I'm surprised no one has brought this up--I've been thinking about it for weeks now. What is going on with the stripper's story as an example of a no-no in AA, even with a grievous whopper of a tale like that? (pp. 370-374)
Is it the case that 1) Wallace (the narrator) is being tough on the stripper and her particular narrative? 2) AA is being tough on the stripper and Wallace is just attempting to explain why and how they are? 3) It's both. Neither the narrator or AA's sense of empathy is evoked by this type of narrative, (so ours shouldn't be either)?
First, compare the Don Gately section from pages 446 to 449 beginning
"They neglect to tell you that after the urge to get high magically vanishes and you've been Substanceless for maybe six or eight months, you'll begin to start to 'Get In Touch' with why it was that you used Substances in the first place. You'll start to feel why it was you got dependent on what was, when you get right down to it, an anesthetic. 'Getting In Touch With Your Feelings' is another quilted-sampler-type cliche that ends up masking something ghastly deep and real, it turns out."

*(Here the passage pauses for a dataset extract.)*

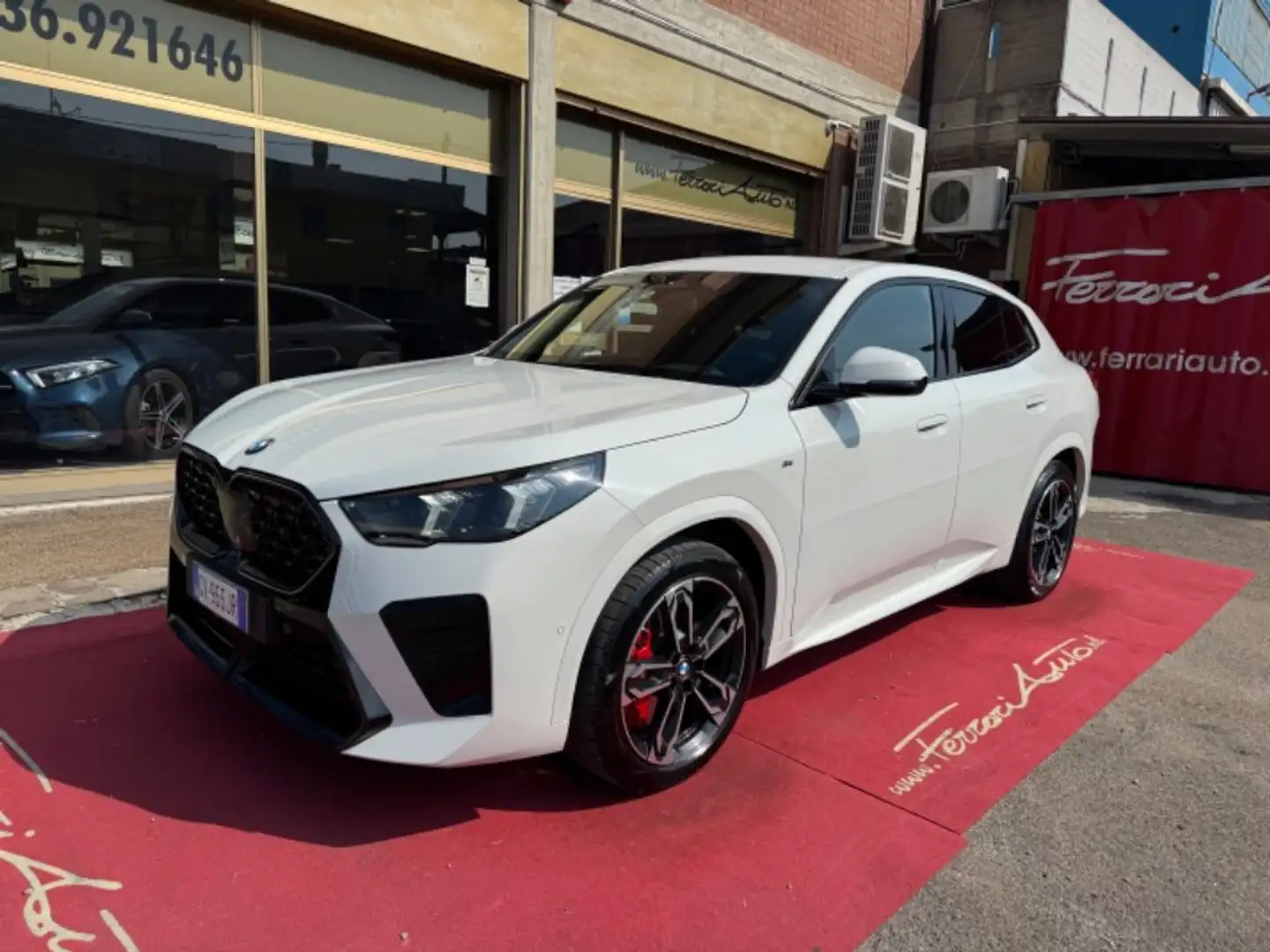 BMW X2 xDrive 20d Msport Pro ICONIC MASK Bianco - 1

He then goes on to "causal attribution"--it's in his head, it's not a narrative he has used (yet?) when he does a Commitment, and it's a bitch of a childhood although less bad than the stripper's. Who, by the way, has her past tragedy, as over-the-top as the story is, belittled by the description "even though plenty of these White Flaggers, Gately knows, has personal childhood's that made this girl's look like a day at Six Flags Over the Poconos" (374). Really? I shudder to think. And notice it doesn't say that Gately's childhood would make her childhood look like a day at SFOTP. His just wasn't as bad.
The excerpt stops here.